__Provided records__
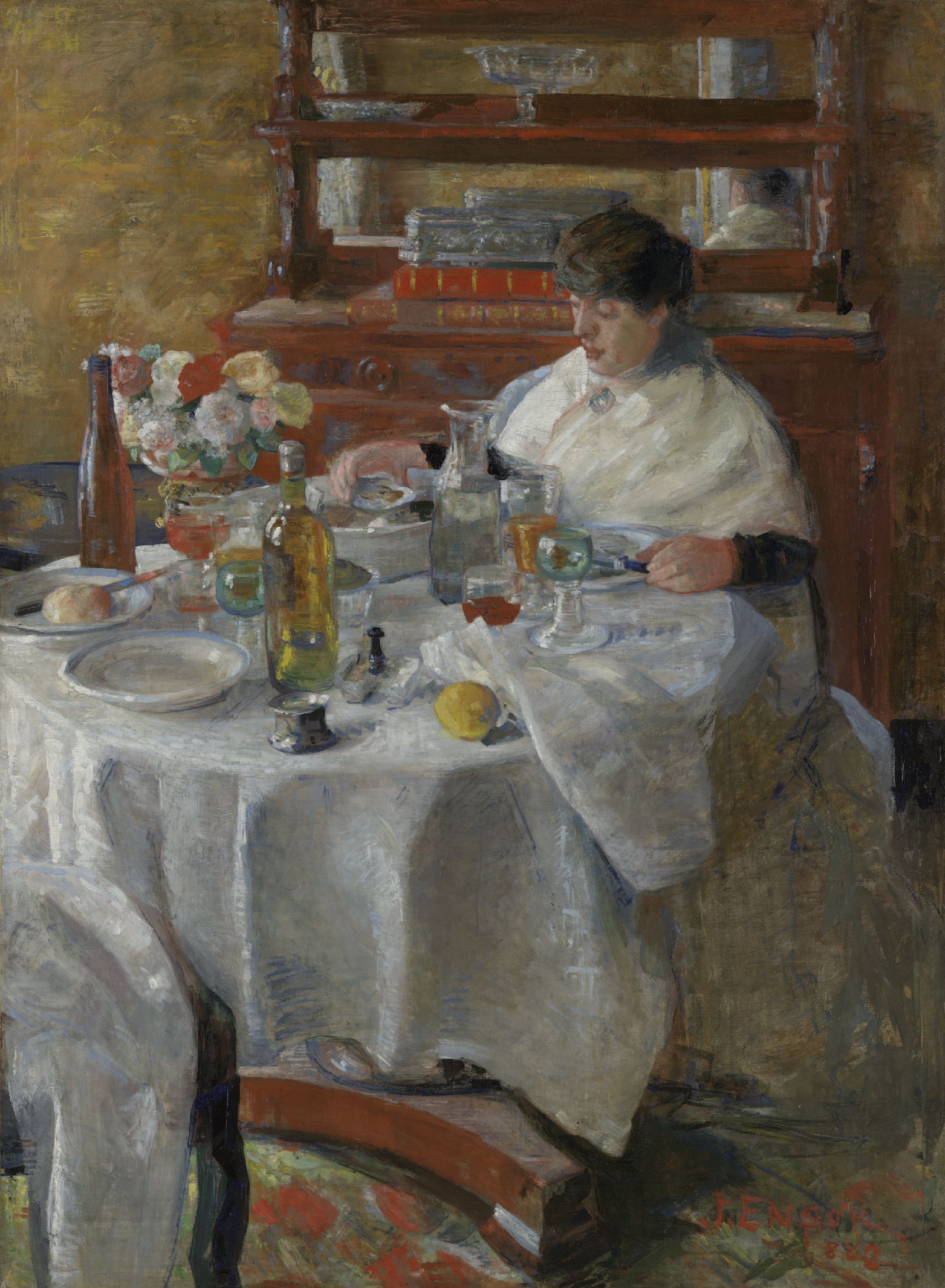 James Ensor, The Oyster Eater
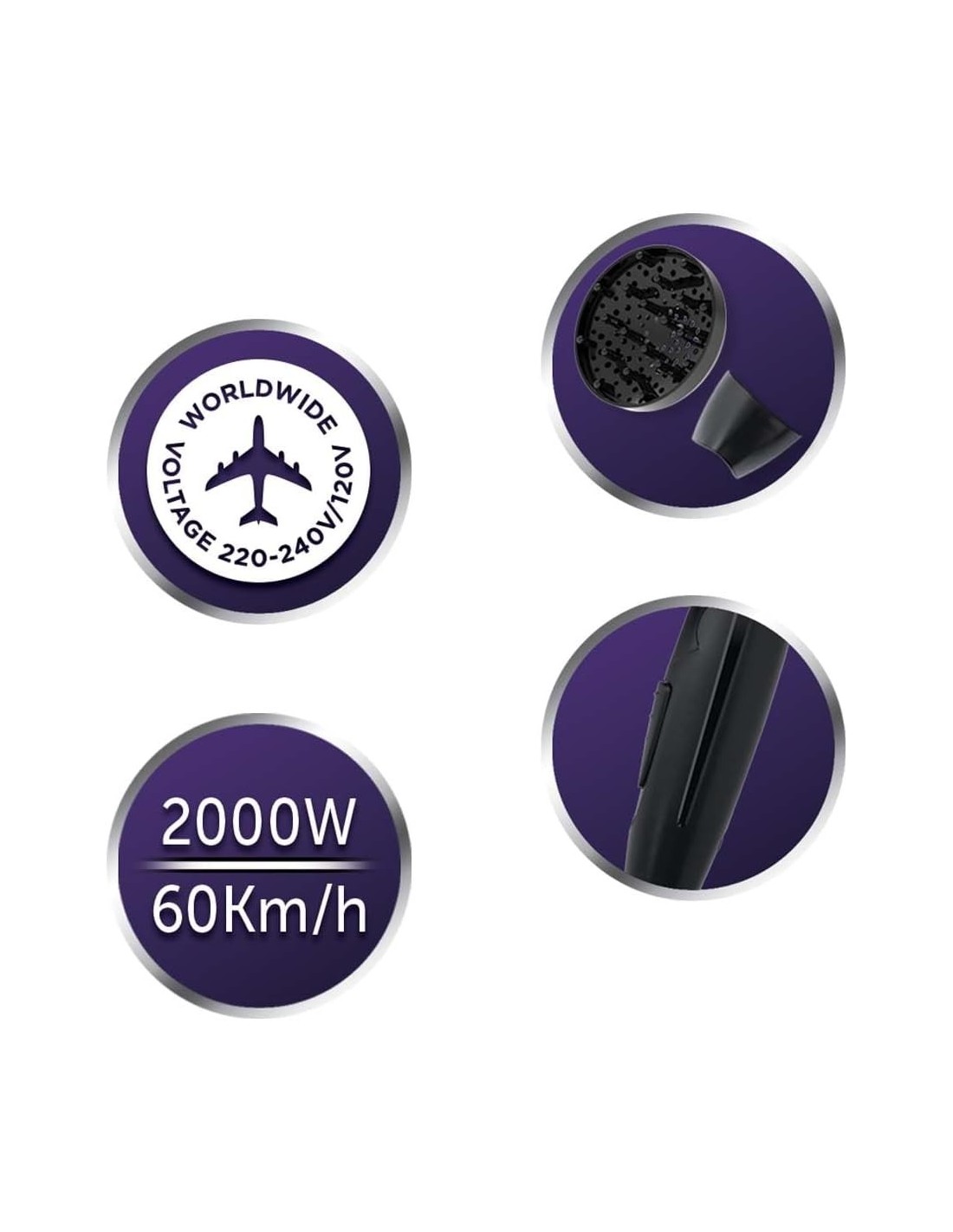 Remington Asciugacapelli On the Go D1500 2000W Pieghevole da Viaggio | Shop in Casa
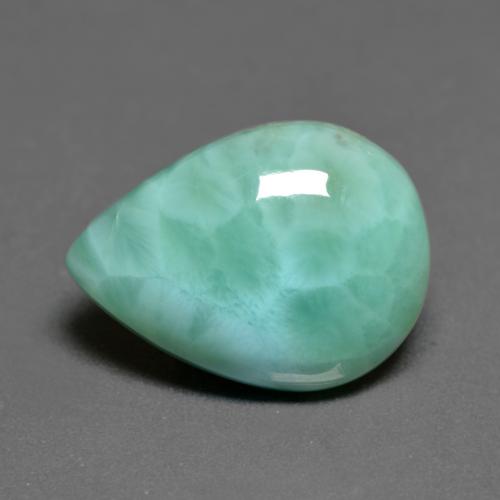 Larimar turquesa natural de 6,79 ct, en forma de pera, opaco
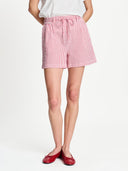 Gestreepte seersucker shorts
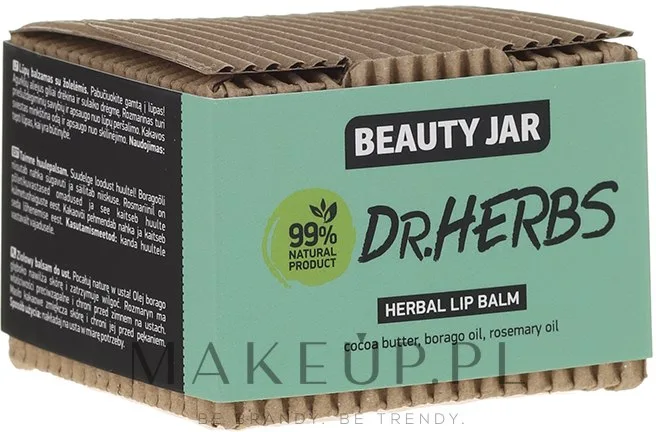 Бальзам для губ Beauty Jar Dr.Herbs Herbal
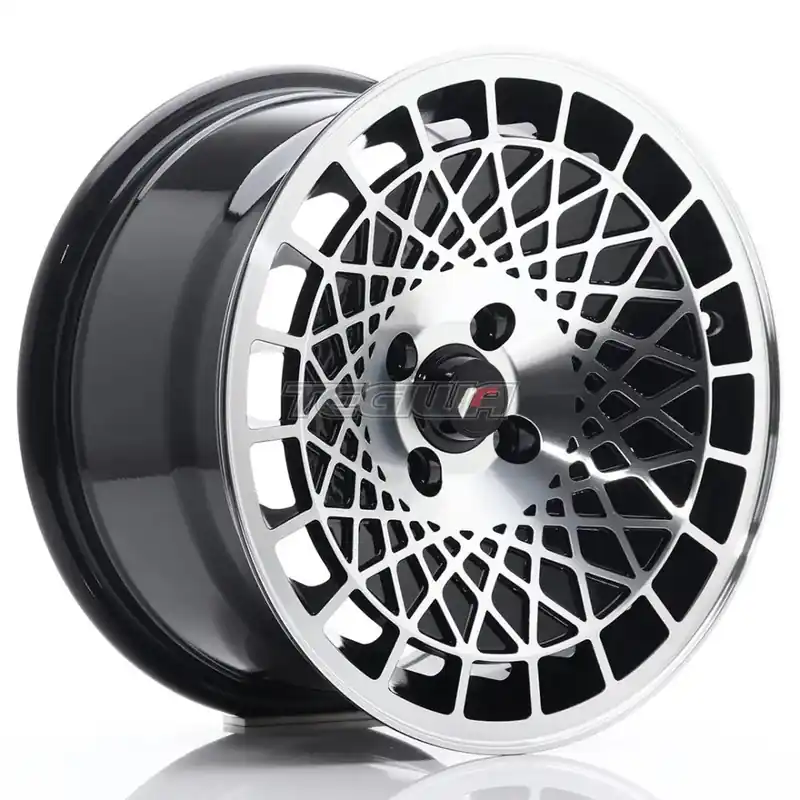 New Arrival Japan Racing JR14 Alloy Wheel 15x8 ET20 4x100 Gloss Black Machined Fac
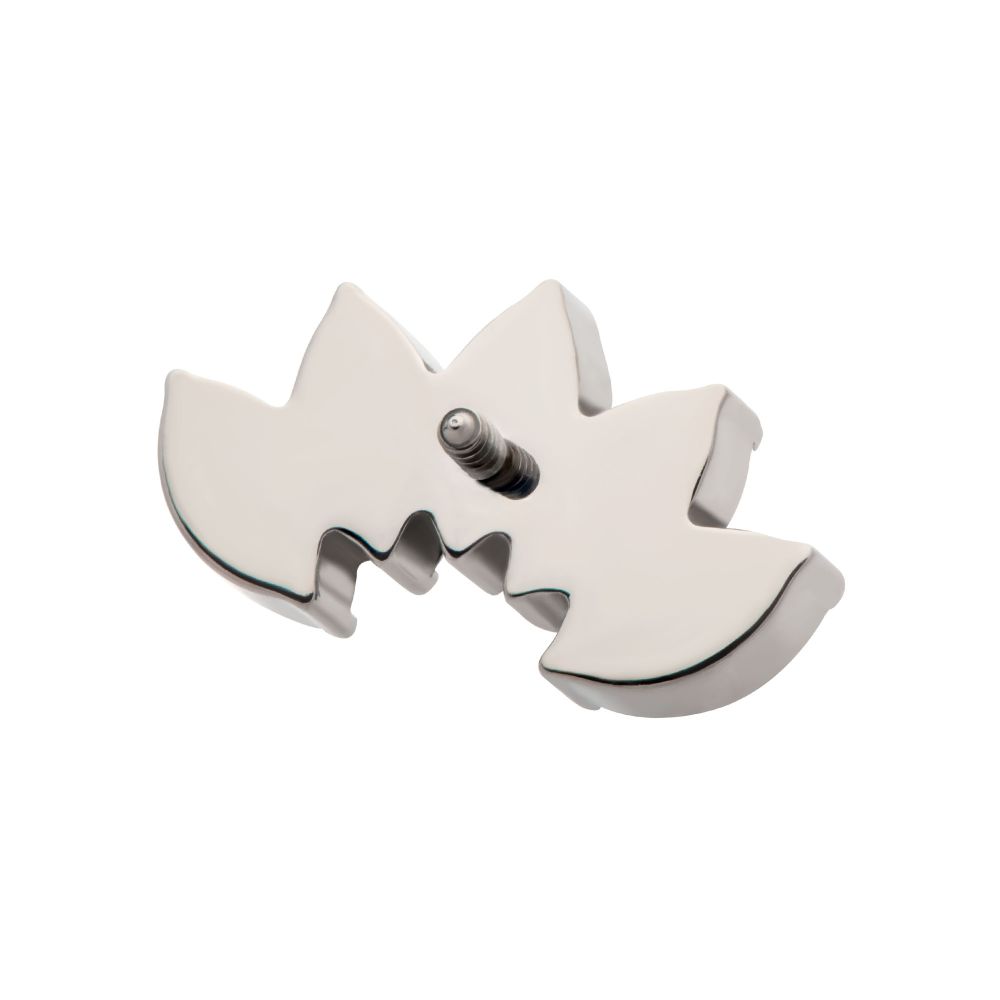 Titanium Internally Threaded with Prong Set 5-Cluster Marquise Stones Fan Shape Top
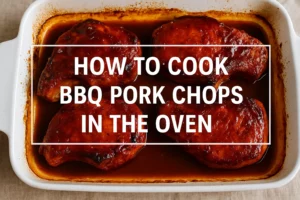 How to Cook BBQ Pork Chops in the Oven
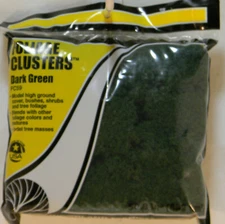 NEW Woodland Scenics FC59 Dark Green Foliage Clusters 50.8 cu in Bag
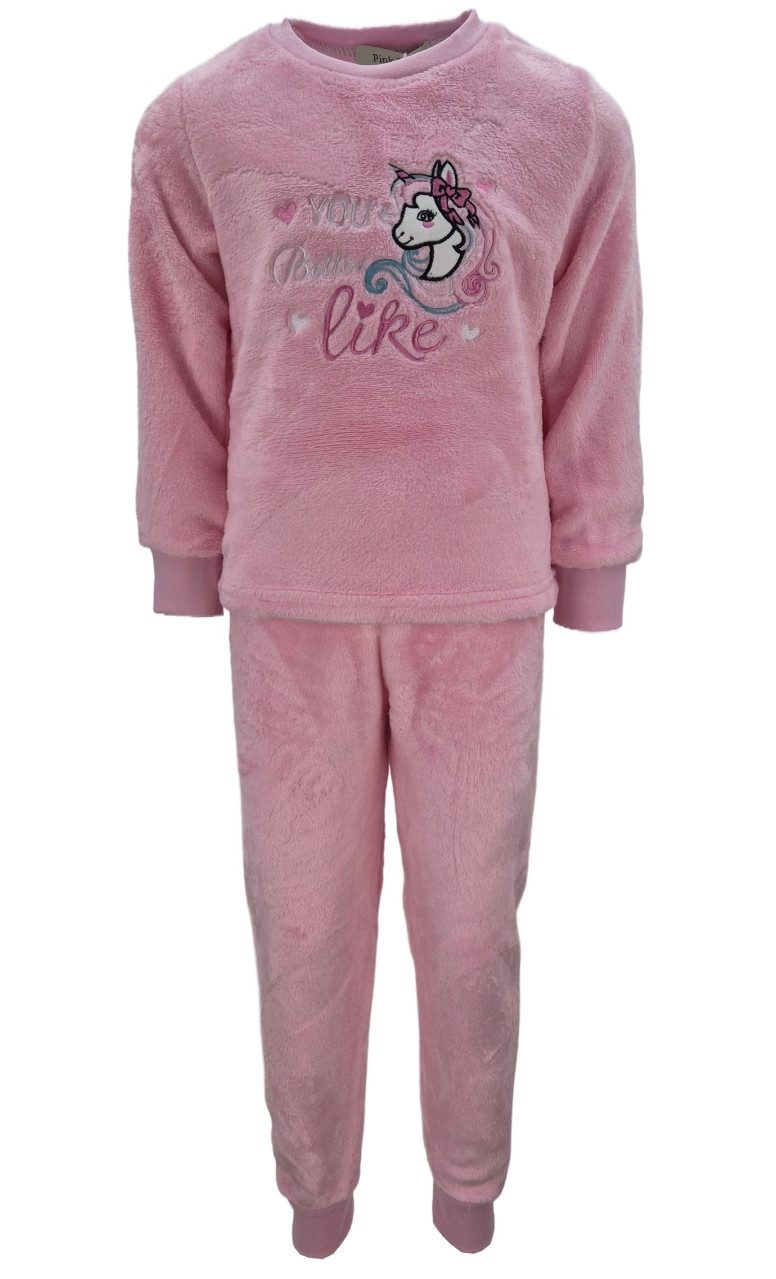 Pyjama Frotee Pyjama Zweiteiler warmer Schlafanzug Hausanzug MH2023e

__Required work__
Please output an exact repetition of the lines from the line containing "How to Cook BBQ Pork Chops in the Oven" to the end of the records, both included, with no pictures and no additional text.

__Exercise result__
 How to Cook BBQ Pork Chops in the Oven
 NEW Woodland Scenics FC59 Dark Green Foliage Clusters 50.8 cu in Bag
 Pyjama Frotee Pyjama Zweiteiler warmer Schlafanzug Hausanzug MH2023e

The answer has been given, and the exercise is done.